Despite an impressive pile of medals, the British running coach hadn’t taken on more than two marathons in a year’s time before embarking on his 17 mission: “I could realistically see myself doing 12 marathons, but with 17 I thought ‘oh’. That scared me a bit,” he admits, recalling contemplating this year’s challenge to explore a variety of running events around Australia.

Completing the Great Ocean Road Marathon (in under 3 and a half hours), and the Ultraman Australia’s run in Noosa in May, he also just completed the Surf Coast Trail Marathon from Torquay to Faihaven this past weekend.

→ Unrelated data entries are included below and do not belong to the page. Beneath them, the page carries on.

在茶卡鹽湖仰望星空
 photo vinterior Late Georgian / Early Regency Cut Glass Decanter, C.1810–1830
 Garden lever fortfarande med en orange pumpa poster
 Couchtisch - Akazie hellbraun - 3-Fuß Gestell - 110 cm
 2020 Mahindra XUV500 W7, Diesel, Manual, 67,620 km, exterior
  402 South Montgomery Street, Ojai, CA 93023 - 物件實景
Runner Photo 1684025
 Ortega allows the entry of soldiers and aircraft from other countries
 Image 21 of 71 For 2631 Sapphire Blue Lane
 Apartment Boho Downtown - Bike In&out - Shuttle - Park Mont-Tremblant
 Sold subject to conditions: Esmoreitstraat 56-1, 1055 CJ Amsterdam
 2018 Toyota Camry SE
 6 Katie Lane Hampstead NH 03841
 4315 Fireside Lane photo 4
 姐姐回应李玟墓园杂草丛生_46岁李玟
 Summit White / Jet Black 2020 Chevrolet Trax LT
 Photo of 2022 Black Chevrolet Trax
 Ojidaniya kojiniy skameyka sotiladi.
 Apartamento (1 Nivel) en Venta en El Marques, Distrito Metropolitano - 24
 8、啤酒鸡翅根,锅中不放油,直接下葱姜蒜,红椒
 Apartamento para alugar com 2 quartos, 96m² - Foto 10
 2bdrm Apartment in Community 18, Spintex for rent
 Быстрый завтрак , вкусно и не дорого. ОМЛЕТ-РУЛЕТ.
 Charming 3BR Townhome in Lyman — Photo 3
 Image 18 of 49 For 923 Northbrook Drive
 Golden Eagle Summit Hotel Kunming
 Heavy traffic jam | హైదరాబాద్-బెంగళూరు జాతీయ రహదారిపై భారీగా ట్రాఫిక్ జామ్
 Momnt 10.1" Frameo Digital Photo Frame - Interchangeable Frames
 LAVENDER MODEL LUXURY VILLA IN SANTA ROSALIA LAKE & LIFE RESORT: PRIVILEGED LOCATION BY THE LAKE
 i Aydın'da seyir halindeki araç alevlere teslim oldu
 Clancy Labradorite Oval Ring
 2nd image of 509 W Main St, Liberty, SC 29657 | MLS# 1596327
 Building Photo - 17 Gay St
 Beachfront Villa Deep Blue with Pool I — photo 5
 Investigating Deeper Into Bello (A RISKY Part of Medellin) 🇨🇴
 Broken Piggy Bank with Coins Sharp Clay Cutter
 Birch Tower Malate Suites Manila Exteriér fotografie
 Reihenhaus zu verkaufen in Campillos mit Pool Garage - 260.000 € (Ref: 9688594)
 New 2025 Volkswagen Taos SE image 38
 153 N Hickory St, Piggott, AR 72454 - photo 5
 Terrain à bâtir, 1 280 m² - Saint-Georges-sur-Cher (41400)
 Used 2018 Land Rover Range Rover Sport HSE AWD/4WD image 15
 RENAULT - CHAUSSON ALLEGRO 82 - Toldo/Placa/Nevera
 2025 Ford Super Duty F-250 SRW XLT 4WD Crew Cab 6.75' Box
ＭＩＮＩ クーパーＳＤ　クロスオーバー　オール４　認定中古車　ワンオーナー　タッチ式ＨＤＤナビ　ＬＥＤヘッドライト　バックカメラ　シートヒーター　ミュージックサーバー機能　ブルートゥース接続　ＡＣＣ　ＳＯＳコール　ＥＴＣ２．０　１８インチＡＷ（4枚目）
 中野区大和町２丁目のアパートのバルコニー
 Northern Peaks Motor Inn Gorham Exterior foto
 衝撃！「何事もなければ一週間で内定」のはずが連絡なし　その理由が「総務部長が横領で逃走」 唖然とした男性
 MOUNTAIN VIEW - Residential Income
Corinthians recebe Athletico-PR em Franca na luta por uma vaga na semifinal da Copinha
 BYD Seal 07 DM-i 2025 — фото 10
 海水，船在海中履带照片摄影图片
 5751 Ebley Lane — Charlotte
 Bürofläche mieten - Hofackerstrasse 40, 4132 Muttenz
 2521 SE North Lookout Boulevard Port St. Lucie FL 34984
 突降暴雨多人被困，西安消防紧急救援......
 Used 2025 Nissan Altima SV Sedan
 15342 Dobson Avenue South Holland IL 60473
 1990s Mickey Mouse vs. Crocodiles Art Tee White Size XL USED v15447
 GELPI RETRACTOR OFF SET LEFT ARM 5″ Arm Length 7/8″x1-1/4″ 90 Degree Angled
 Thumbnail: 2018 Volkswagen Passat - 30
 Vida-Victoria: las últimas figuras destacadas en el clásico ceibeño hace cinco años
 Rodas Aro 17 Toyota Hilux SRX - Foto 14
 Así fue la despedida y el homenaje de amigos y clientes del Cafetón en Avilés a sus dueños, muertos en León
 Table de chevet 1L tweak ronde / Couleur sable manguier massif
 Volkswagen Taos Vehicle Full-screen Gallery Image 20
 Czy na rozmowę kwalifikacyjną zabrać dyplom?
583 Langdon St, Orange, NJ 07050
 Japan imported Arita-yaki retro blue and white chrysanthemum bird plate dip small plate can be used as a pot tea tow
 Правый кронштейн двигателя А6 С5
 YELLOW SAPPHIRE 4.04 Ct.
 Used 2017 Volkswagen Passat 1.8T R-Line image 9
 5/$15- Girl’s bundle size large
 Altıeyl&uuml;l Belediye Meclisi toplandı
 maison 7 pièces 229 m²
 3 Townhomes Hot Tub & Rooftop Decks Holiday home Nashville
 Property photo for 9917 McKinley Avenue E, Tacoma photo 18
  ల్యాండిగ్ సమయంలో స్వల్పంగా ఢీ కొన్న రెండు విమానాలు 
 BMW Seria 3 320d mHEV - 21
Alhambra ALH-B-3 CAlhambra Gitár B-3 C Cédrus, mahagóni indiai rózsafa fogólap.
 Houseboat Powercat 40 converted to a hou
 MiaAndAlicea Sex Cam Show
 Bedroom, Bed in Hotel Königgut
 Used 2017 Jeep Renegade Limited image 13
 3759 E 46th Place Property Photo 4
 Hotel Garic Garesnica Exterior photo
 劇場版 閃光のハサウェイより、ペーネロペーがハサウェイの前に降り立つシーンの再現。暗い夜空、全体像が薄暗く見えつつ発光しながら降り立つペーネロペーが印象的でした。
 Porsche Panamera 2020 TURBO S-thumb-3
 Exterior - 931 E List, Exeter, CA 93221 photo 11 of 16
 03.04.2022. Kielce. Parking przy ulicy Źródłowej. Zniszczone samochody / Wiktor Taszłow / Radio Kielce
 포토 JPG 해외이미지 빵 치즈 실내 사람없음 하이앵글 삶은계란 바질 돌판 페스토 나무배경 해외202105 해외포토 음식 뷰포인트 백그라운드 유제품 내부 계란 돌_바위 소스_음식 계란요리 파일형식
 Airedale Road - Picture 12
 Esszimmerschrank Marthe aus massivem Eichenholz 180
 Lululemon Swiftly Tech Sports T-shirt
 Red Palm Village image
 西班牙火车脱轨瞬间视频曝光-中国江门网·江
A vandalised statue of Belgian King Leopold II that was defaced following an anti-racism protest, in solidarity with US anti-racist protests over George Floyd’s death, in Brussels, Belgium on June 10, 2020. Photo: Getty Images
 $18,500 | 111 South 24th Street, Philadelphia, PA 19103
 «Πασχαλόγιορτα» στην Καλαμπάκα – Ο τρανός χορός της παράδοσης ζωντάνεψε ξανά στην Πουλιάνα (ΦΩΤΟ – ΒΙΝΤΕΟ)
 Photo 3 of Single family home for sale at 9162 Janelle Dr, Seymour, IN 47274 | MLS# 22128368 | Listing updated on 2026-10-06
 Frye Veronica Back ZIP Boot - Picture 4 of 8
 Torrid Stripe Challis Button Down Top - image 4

Even though he was not one of the 50 triathletes taking on the entire 515 km Ultraman challenge in Noosa, he paced one of his mates at the race and approaches his own mission with similar preparations.


Previously, when he trained for Ironmans and half Ironmans, he noticed the benefits of complementing his running with swimming and biking. He became stronger, fitter and less injured.

Now, Chris trains almost like a triathlete, but for running events. He focuses on endurance, flexibility, and strength. He keeps swimming and a bit of biking in his routine and adds pilates and yoga to move his body in different ways, to get to know his body better and break the monotone training in the running tracks.

He hopes this varied training will keep him from getting injured and give him indications if he is about to: “My tips [to runners] would definitely be to cross train and start to listen to your body. It doesn’t really lie that much,” he laughs. “It is just us, ignoring the signs.” For example, if he is cramping a lot in the pool it means that his calves are really tight from running. A signal that he should address.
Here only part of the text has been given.